E perdi por KO, uma luta que nunca pensei que existisse, e que jamais pensei poder perder, mas é o que está na lei e nós temos ordens para nunca discutir política, religião, leis ou costumes... E ela, ali à minha frente com um bebé na barriga, dois corações batentes com o tempo contado, e uma morte que será num sofrimento atroz, sem eu poder fazer nada.
Tem 23 anos, ouviu toda a conversa e nunca disse nada. Tremia e sofria com as contracções e na maca em que entrou, saiu para morrer não sei onde e não sei como. E três crianças ficaram órfãs de mãe. Foi certamente uma morte com dores lancinantes, durante horas, até que o útero rebentasse. Eu já vi muita coisa, ainda assim, não consigo imaginar.
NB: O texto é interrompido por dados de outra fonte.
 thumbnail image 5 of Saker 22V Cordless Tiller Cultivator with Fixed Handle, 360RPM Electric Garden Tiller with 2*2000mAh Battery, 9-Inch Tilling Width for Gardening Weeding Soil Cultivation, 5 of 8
Eu e Patrícia voltámos os dois para casa, em silêncio, sem dizer uma palavra, na ânsia de quem quer esquecer. Não havia nada a dizer. Dois jovens médicos, cheios de força, afogados em lágrimas e frustração. Deitei-me na cama e chorei desalmadamente até adormecer. No dia a seguir a luta continuava.
Esta é apenas uma história, contada tal e qual como aconteceu, que representa algo que não é a regra, mas que acontece muitas e muitas vezes naquele e em muitos lugares deste mundo.
Aquela mulher morreu por ignorância de um homem, de uma cultura, de um povo. E não há ninguém que leia estas palavras e não fique revoltado com esta ignorância assassina.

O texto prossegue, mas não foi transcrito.